She was no longer wrestling with the grief, but could sit down with it as a lasting companion and make it a sharer in her thoughts. ~ George Eliot
You may notice at some point that there is a movement within your experience of grief. This movement can be subtle. And it may go unnoticed for some time. It’s a movement away from your pain toward another experience. This internal shift is usually followed by a reentry into the ache of death’s finality. This respite from suffering may be brief, but its brevity should not detract from the reality that a space has opened up within you that has allowed something other than pain to exist.
There is no way to predict when this will occur. But it will.

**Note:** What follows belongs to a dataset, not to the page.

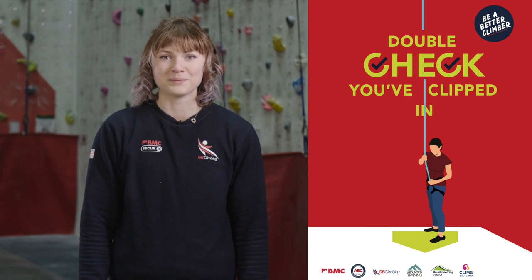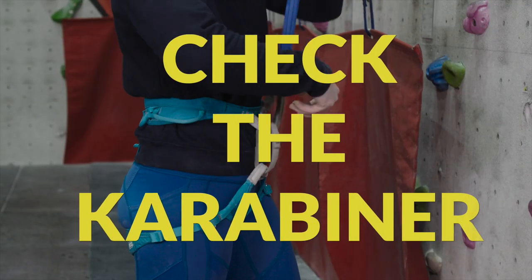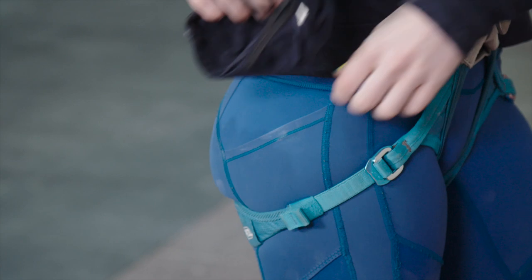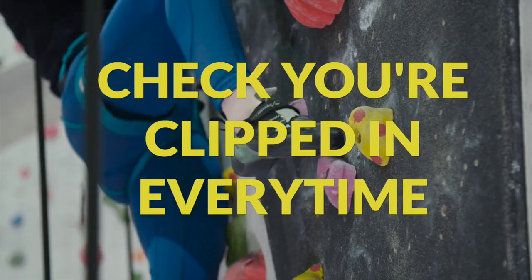Auto belays are a great way to climb on your own, but without a partner to check you, it's essential to take your time clipping in and do a functional test before leaving the ground. Very serious accidents have happened because climbers haven't properly attached themselves to the auto belay. Get into the habit of double checking that you've clipped in every single time.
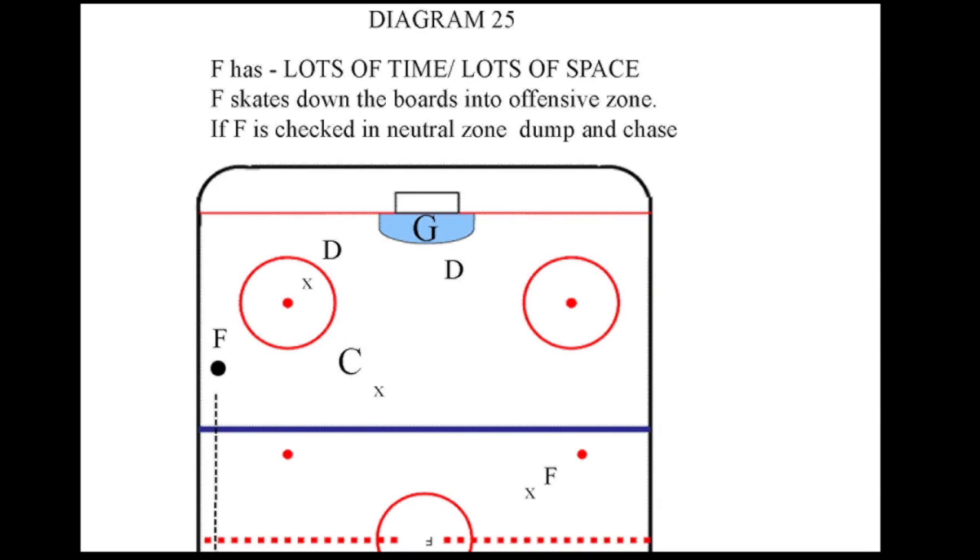Hello and welcome to the Get the Puck, Move the Puck, Shoot the Puck Hockey Series — an introduction to coaching winning hockey. In this video, we are going to look at move the puck offense when the forward has some time and some space to read the play in the defensive zone.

This other-than-pain moment might feel like stillness. Like quiet. Or a momentary release from yourself as you engage with someone or something. Or simply, it might feel like an absence of pain.
Over time, these other-than-pain experiences will grow as your capacity to engage with life re-emerges. This is not about “getting over” or “moving on” or becoming “stronger” because of your loss. These are cliches that cannot do justice to what you are going through. As this space opens within you, it’s important to remember that you are not abandoning the memory of your loved one by finding ways to take part in life again.
“I’m not the same person but that’s OK, isn’t it?”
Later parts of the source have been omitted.